Exercise objective> Set down exactly the lines running from the one with "Acropora Bottlebrush coral" to the last line of the listing below, both included, and skip every picture.

Data for the task>

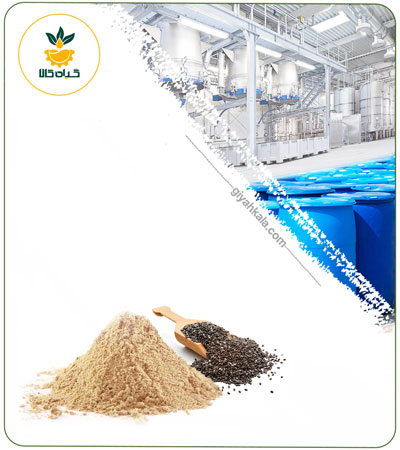 Basil Seed Powder Extract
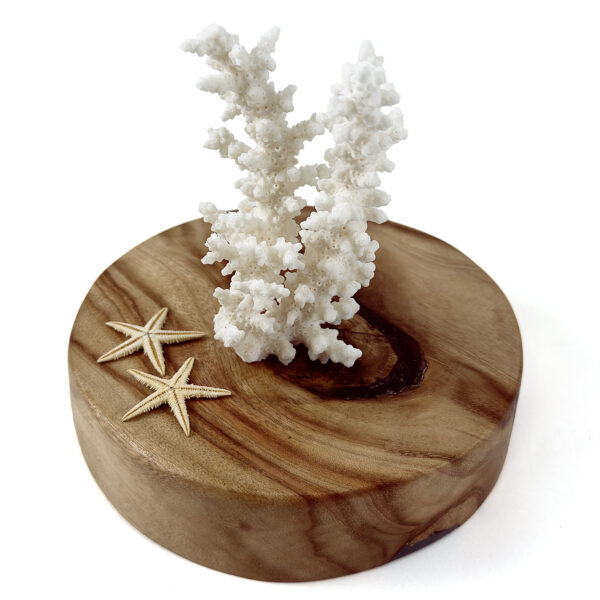 Acropora Bottlebrush coral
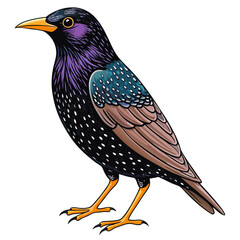 vector illustration of a bird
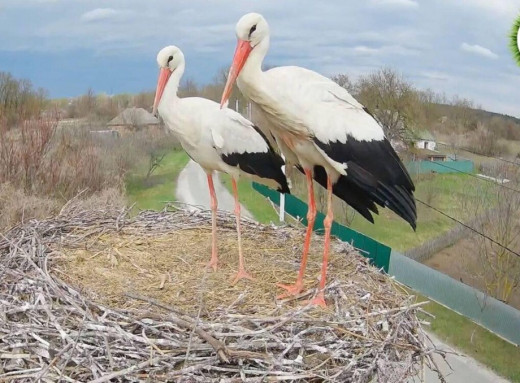 Лелеча Санта-Барбара триває, у зіркове гніздо знову повернувся Грицик фото
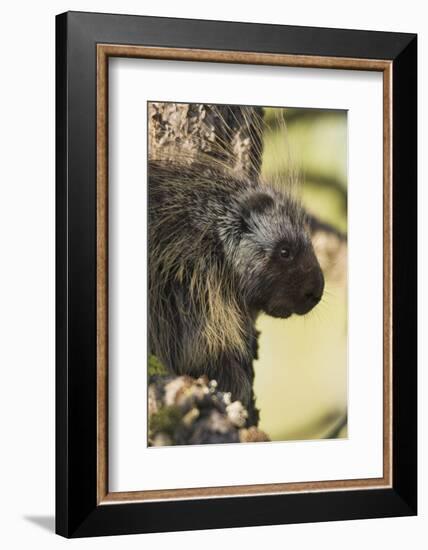 Porcupine-Ken Archer-Framed Photographic Print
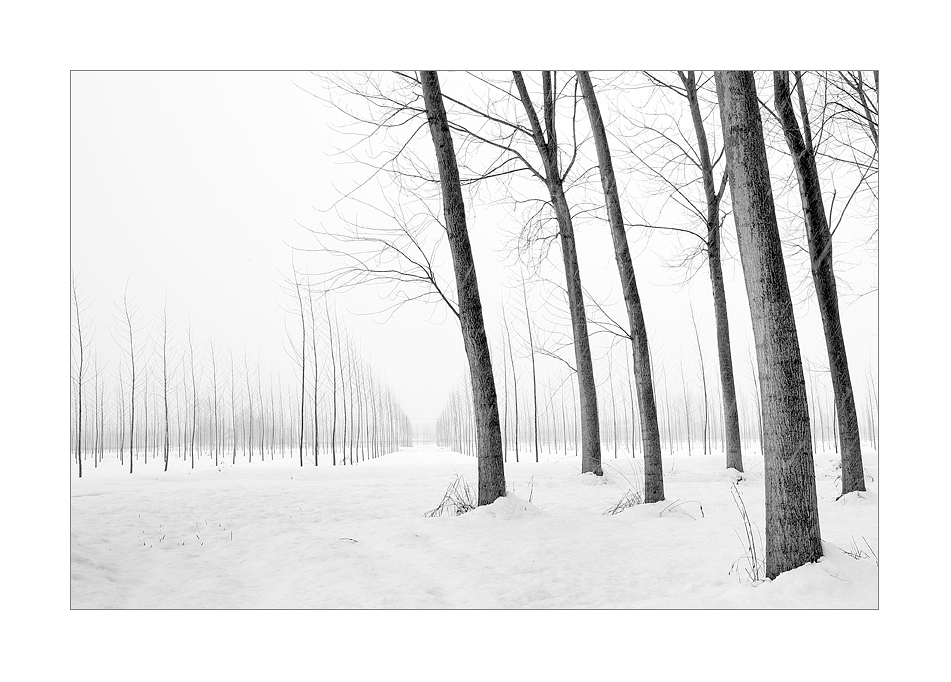 Marzo nevoso in boschina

Exercise solution>
 Acropora Bottlebrush coral
 vector illustration of a bird
 Лелеча Санта-Барбара триває, у зіркове гніздо знову повернувся Грицик фото
 Porcupine-Ken Archer-Framed Photographic Print
 Marzo nevoso in boschina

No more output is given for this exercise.